Home Practice Organ

Many readers have asked about my practice organ, where I labor every day in hopes of avoiding terrible mistakes on Sunday.  For the last couple years, music had been a huge distraction from my writing, so it’s reasonable to assume I have a seriously impressive practice organ enticing me away from my word processor.

Do I practice in an ancient cathedral with vaulted ceilings, sitting at a six-manual console with rows upon rows of stops to select from the thousands of ranks of pipes that compose this massive and majestic musical instrument?

Okay, so I don’t actually have any readers.  But if I did, this question would be at the top of their list.

Brief background info:  My piano teacher dropped me as a student because I wasn’t practicing.  A couple of decades later, I started teaching myself to play – using the Gulbrandsen upright piano in our living room.

I’m a prodigy, right?  As soon as my fingers touched the ivory keys, beautiful music soared through the house.

Not exactly.

One evening my wife came downstairs and pleaded, “Can you please stop?  You’re really stressing me out.”

My youngest son objected without words.  Twice.  He simply closed the lid on the piano and walked away.

So I bought a Casio CTK-3500 61-key Keyboard.

With Samson HP30 headphones!

The headphones were a real game changer.  Now I could practice for hours on end without annoying anyone in the house.

For a long time, this setup worked really well.  What changed?

I started playing organ pedals.

Driving to the church every day to practice really puts a damper on things.

After watching the KSL Classifieds for a few months, I finally gave up on finding an organ console with a full 32 AGO (American Guild of Organists) pedalboard.  Putting an organ in our family room was out of the question, so my only option was a basement room.
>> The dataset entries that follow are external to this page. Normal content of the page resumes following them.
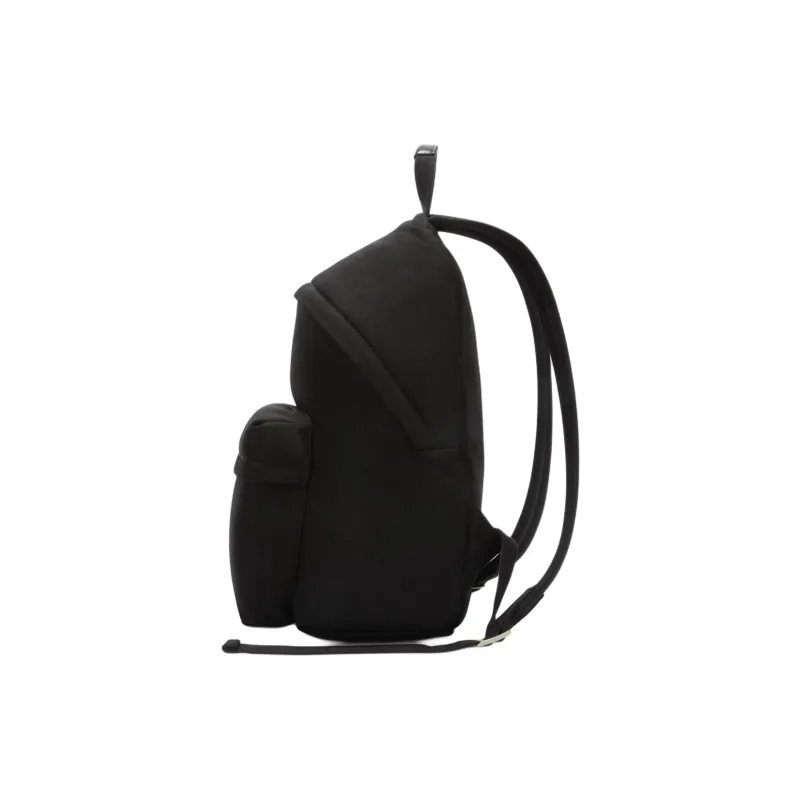 PALM ANGELS Logo Embroidered Zipped Backpack-2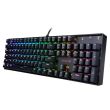 Tastatura mecanica Redragon Mitra RGB neagra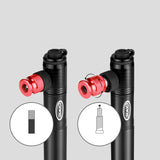 BIKIGHT,Aluminium,Alloy,2Modes,Bicycle,Outdoor,Portable,American,Nozzle,French,Nozzle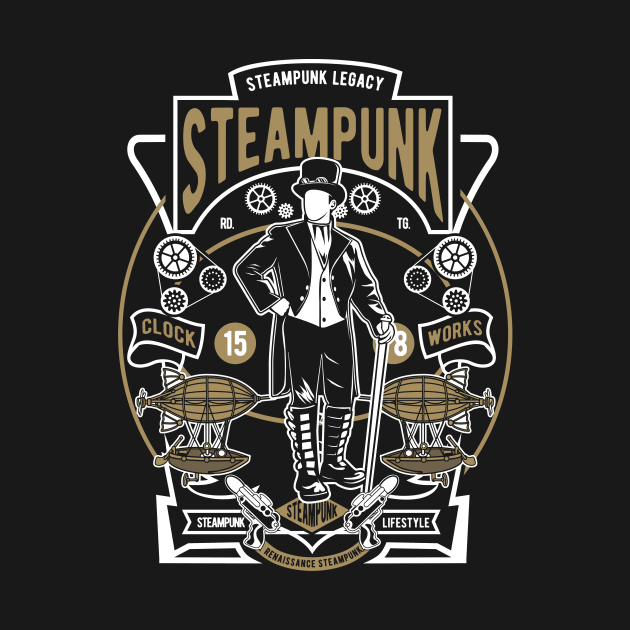 Steampunk Gentleman by Genuine Vintage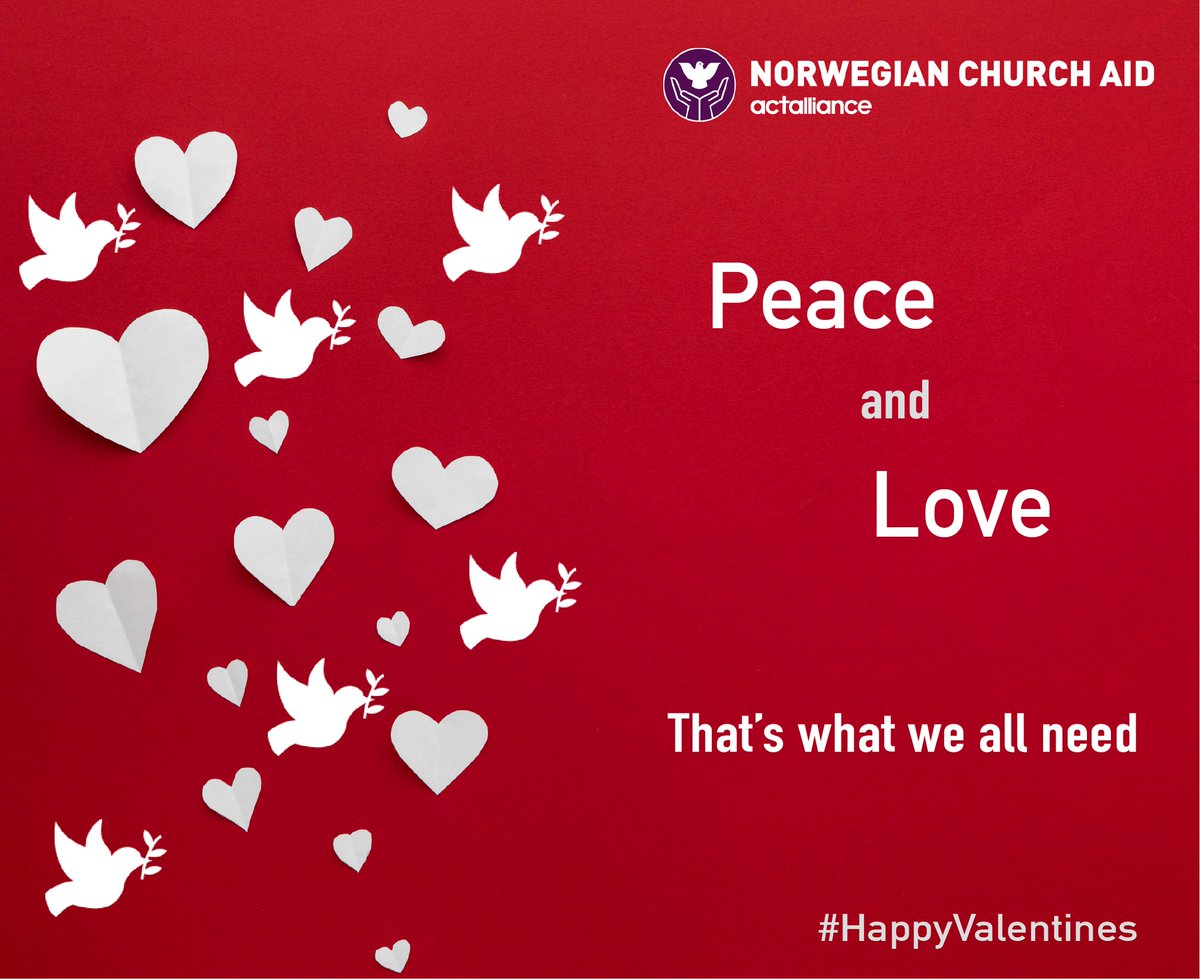 You definitely agree Love and #Peace is all we need. #HappyValentinesDay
A traditional wooden console would have been too wide.  I could have temporarily removed a couple door frames (not just the doors,) but the deal breaker was the sharp turn at the top of the stairs.  I didn’t want to temporarily remove walls.
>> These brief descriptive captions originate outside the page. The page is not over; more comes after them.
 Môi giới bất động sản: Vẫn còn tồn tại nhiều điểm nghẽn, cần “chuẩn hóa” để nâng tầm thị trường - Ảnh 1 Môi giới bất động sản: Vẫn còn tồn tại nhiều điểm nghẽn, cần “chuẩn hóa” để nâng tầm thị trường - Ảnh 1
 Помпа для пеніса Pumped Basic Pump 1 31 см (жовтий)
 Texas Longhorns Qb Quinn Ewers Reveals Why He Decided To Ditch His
Eventually I found a keeper:  a Yamaha Electone HX-3.

Its key features are dual manuals, MIDI in/out, a headphone jack, and a modular design that helped get it through the door.

The stubby toe pedals that came with it were too short for real pedal practicing, so I bought a 27-note pedalboard from PedaMidiKit in Italy.

It’s flat and straight instead of concave and radiating, which means I identify as European when I practice at home.  It takes only a little adjustment when I get back on the full 32-note AGO pedalboard at the church.

The padded, adjustable bench that came with the Electone did not work with my new pedalboard, so I built my own.  It’s heavy and a bear to move, but – and this is key – it’s wide enough to fit over the pedalboard.

The music stand on the Electone HX-3 is set back quite a ways.

To get my music to where I can focus on it with my over-50 eyes, I built my own.

When you put it all together, it’s a strange mixture of wood and modern plastic.

So that’s my practice organ.  No cathedral?  Well . . .

Piotr Grabowski recorded, individually, each and every pipe in the organ at the St. Bartholomäus church in Friesach, Austria.  The MIDI port on my Electone HX connects to GrandOrgue, virtual organ software running on my laptop, which recreates (over Apple EarPods) the Friesach organ in my very own basement!

So, yes, I practice every day in a cathedral with vaulted ceilings.